Whose Opinion Matters? Buying Wine Like We Buy Cameras

Sommeliers, winemakers, wine writers, wine enthusiasts, your pal down the street. They all have something to say about wine. Whose opinion matters most?

Robert Joseph, writing on Tim Atkin MW, has some good food for thought about wine competitions and judges. How do panels get chosen, and what is each competition sponsor looking for? Do judges just focus on one region that is their area of expertise or do they taste around the globe? And what about the opinions of the non-wine pro public? Do want to include these opinions to temper, mitigate, and/or inform critical perceptions? (I guess the kids would call this "crowd-sourcing".)

Joseph has an interesting analogy when it comes to all of this involving, of all things, a camera:

"When buying a £500 camera do I want advice from a mass of consumers who might not even have seen, let alone used, all of the alternatives?
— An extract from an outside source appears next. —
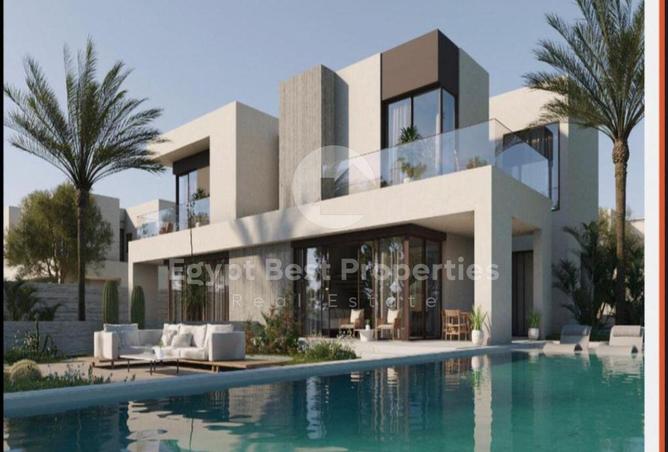 54507932 - الصورة الرئيسية للعقار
Do I want it from a set of professional photographers? Or keen amateurs? Or journalists? Do the professional snappers use their cameras in the same way as I do? Do the amateurs know enough to test it properly? How knowledgeable are the hacks? If the people judging the camera are in another country, does that affect the way they assess it?"

While I am not in the market for camera that costs 500 pounds, it does make you think about what it means when you see a sticker on a wine proclaiming "Double Gold" medal status. (I always wondered what a double gold medal would look like. Is it twice the thickness, like two hamburger patties stacked atop each other? Or is it two medals, side-by-side, fused together?)

How much do the results of a wine competition impact your buying decisions? And how would you composed the ideal panel of judges?